On their part, the 10 former heads and commissioners noted that “disturbing findings” had been made in the past against Mr Kiplagat on matters expected to come before TJRC. “While Ambassador Kiplagat has disputed the references to him in these reports, they nonetheless have a direct and serious impact on public perceptions in relation to his fitness to hold high office in the Commission,” they noted.

"All truth commissioners must be seen to be upholding the highest standards of ethics and integrity. They need to be seen to be scrupulously independent and objective. We are constrained to point out that Ambassador Kiplagat does not meet these essential standards," they added.

They warned that TJRC would fail in its mandate if it was not seen to enjoy the confidence of Kenyans.

"Since objective grounds of a reasonable apprehension of bias on the part of Ambassador Kiplagat exist in the minds of the public, he is duty bound to resign for the greater good of the commission and country," the commissioners observed.


Submitted by njerujn
Posted February 25, 2010 03:49 PM

What is it with us Kenyans or is it Africans? Why can this mzee not read the writing on the wall. Must he be scourged lame before he considers stepping down? Amb. just step down. If the people you are trying to help feel that you can not help them, let it be. Leave the seat to someone else they can accept. You can not shove yourself down their throats when they are not willing. Can you?

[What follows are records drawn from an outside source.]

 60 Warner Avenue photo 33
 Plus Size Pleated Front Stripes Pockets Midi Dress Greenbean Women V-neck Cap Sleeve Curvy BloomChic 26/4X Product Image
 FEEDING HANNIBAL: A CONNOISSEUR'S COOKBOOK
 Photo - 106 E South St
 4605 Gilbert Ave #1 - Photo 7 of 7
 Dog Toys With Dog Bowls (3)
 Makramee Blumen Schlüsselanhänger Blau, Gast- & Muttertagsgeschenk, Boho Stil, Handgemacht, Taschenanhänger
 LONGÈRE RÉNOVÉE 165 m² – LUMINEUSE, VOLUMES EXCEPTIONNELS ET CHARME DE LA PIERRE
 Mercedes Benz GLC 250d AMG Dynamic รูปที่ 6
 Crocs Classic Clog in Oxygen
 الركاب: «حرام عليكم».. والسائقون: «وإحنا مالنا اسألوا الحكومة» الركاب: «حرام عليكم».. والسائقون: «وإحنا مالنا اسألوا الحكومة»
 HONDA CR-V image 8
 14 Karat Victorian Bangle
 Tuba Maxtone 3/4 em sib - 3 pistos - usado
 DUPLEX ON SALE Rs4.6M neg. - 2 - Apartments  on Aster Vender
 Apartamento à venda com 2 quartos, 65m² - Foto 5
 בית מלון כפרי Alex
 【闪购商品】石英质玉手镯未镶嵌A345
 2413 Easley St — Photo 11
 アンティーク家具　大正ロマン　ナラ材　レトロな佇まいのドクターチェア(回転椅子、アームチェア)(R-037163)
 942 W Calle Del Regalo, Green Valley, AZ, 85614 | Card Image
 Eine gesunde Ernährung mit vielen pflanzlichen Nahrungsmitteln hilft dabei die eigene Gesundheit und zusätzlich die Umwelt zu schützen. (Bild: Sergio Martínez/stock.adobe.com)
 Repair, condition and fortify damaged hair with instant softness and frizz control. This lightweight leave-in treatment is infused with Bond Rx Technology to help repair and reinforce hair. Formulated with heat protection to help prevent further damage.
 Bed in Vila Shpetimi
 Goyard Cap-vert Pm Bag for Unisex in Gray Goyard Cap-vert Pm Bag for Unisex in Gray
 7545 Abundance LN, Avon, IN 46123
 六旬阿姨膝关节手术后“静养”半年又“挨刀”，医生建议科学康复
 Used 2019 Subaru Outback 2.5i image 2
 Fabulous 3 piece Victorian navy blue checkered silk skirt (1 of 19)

Submitted by DujisDemocrat
Posted February 25, 2010 03:32 PM

What kenyans need to understand is that its not always about good cv and degrees from prominent universities and serving in local commissions.The most important thing is the integrity and the past history of the person in question because people dont change overnight and become someone else.Voters should also use the same criteria which no doubt will produce good leaders.

Submitted by kichwasafi
Posted February 25, 2010 02:06 PM

I was one of those willing to give the man the benefit of the doubt but now it seems the die is cast. Mzee Kip, pole, but you have to go now.

Submitted by abckris
Posted February 25, 2010 02:05 PM

Amb. Kiplagat knew his hands were tied once he was appointed to the commission but just kept on. I am sure he is aware of natural justice and conflict of interest do not go together. Excluding himself from the commission is the best thing, a foreign professional with no leanings might be the best option.

Submitted by jirani
Posted February 25, 2010 02:04 PM

Why do people in Kenya refuse to give up even when their names are mentioned endlessly in dirty deals? Kiplagat shouldn't lead TJRC and Bowry shouldn't be part of KACC.

Submitted by sniper33
Posted February 25, 2010 01:57 PM

Bethuel Kiplagat sir ,please save face and Kenya's precious time and quit, you should have done so before it came to this.

Submitted by kamaujm
Posted February 25, 2010 01:51 PM

Good that others have joined in calling for Kiplagat to resign. Majority of our problems continue because we aren't prepared to deal with our past. To have Kiplagat as head of TJRC will only make its work untenable. As Kiplagat goes so should Bowry for the Anti Corruption body.We aren't interested with whitewash.